ELLSWORTH — In March, NOAA Fisheries announced that the number of vertical lines connecting surface buoys to, primarily, lobster traps would have to be reduced by as much as 60 percent off the New England coast and in the Gulf of Maine to protect endangered right whales from entanglement in fishing gear.
More recently, the fisheries service’s Atlantic Large Whale Take Reduction Team (TRT) recommended a panoply of whale protection measures for Maine’s lobster fishery that include removing 50 percent of vertical lines from the Gulf of Maine and the use of weak rope at the top of the remaining lines.
This week, Department of Marine Resources Commissioner Patrick Keliher began meeting with lobstermen up and down the coast to gather regional input on how best to achieve those goals. He doesn’t have much time to gather those opinions and formulate a plan.
By September, DMR will have to make its recommendations to NOAA if the department wants them considered by the federal agency as it drafts new regulations.
On Tuesday, Keliher was scheduled to meet with the Zone B Lobster Management Council in Trenton.
Tonight, Thursday, June 6, he is scheduled to meet with the Zone C Council at 6 p.m. in the Reach Performing Arts Center in the Deer Isle-Stonington Elementary School.
Meetings with other zone councils are scheduled for: Monday, June 10, at Kennebunk High School; Thursday, June 13, at the Wiscasset Middle High School; Tuesday, June 18, at Washington Academy in East Machias; Thursday, June 20, at Camden Hills Regional High School in Rockport; and Thursday, June 27, at the Freeport Performing Arts Center in Freeport. All of the meetings are scheduled for 6 p.m.
The Maine lobster industry has been dealing with whale protection measures for more than a decade.
In 2008, after a long fight, most lobstermen were required to rig their gear using sinking rope for the groundlines connecting traps together, to install weak links in their buoy lines so that entangled whales might break free and to mark their buoy lines. Single traps were banned in offshore waters.
Those restrictions look positively quaint compared with the proposals DMR outlined at a meeting of the Lobster Advisory Council last week in Augusta.
Basically, to reduce the number of vertical lines in the water lobstermen will either have to fish fewer traps or rig longer trawls — groups of traps — to each floating buoy line.
Currently, Maine lobstermen are allowed to fish up to 800 traps. Except in a few areas, such as around Mount Desert Rock, there is no minimum trawl length, though single traps generally may be fished in waters close to shore.
Triples and five-trap trawls are relatively common, though this varies along the coast. In deep waters, 3 to 12 miles offshore and beyond, lobstermen in bigger boats may fish trawls with a dozen or even 20 traps. That is relatively rare, but longer trawls are likely to become more common no matter what.

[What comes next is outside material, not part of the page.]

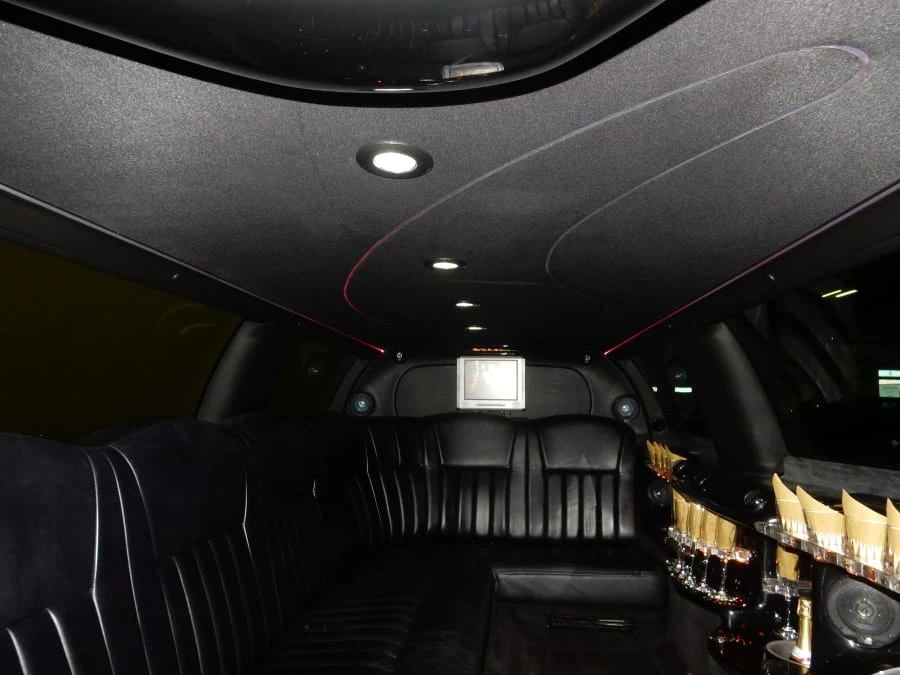 2003 Lincoln Town Car - Image 6 of 7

According to a DMR scenario presented to the advisory council and reported in the Portland Press Herald, to maintain the current 800-trap limit, lobstermen would have to fish at least four traps per trawl inside the three mile limit. The minimum trawl length would be 20 traps between three and 12 miles offshore and 40 traps beyond the 12-mile line. Each trawl would be marked with a single vertical line. This plan would reduce the number of lines in the water by 53 percent.

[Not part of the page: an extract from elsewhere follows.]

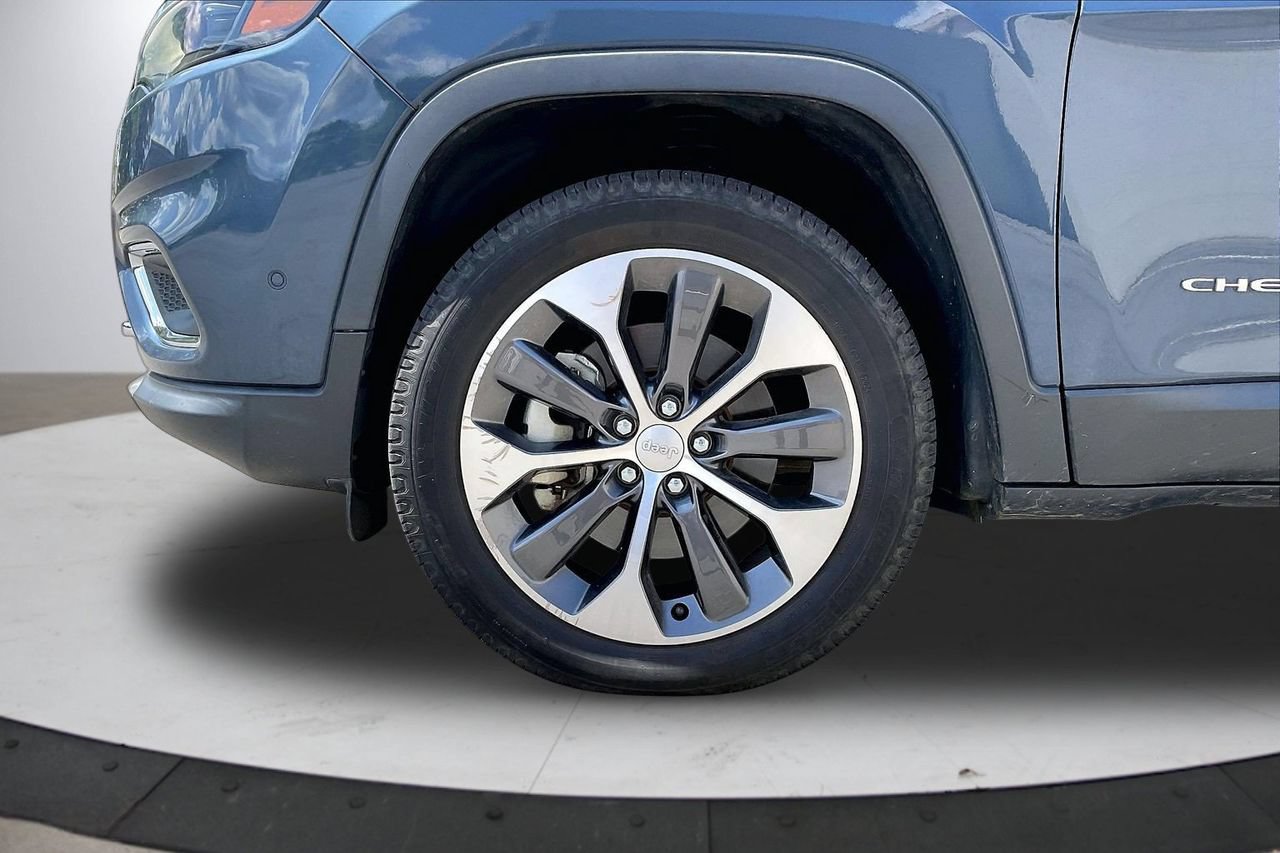 Certified 2022 Jeep Cherokee Limited w/ Elite Package AWD/4WD image 34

A more draconian measure would allow for shorter trawls — though triples would be the shortest — at the expense of reducing the individual 800-trap limit.
According to DMR, if the trap limit were reduced to 400, fishermen would be allowed to fish triples from the beach out to three miles, 10 trap trawls between 3 and 12 miles, and 20 trap trawls beyond 12 miles. That would cut the number of lines in the water by an estimated 56 percent.
Although he has already gotten several earfuls, Keliher will find out how lobstermen in each part of the state feel about the possible options over the next three weeks.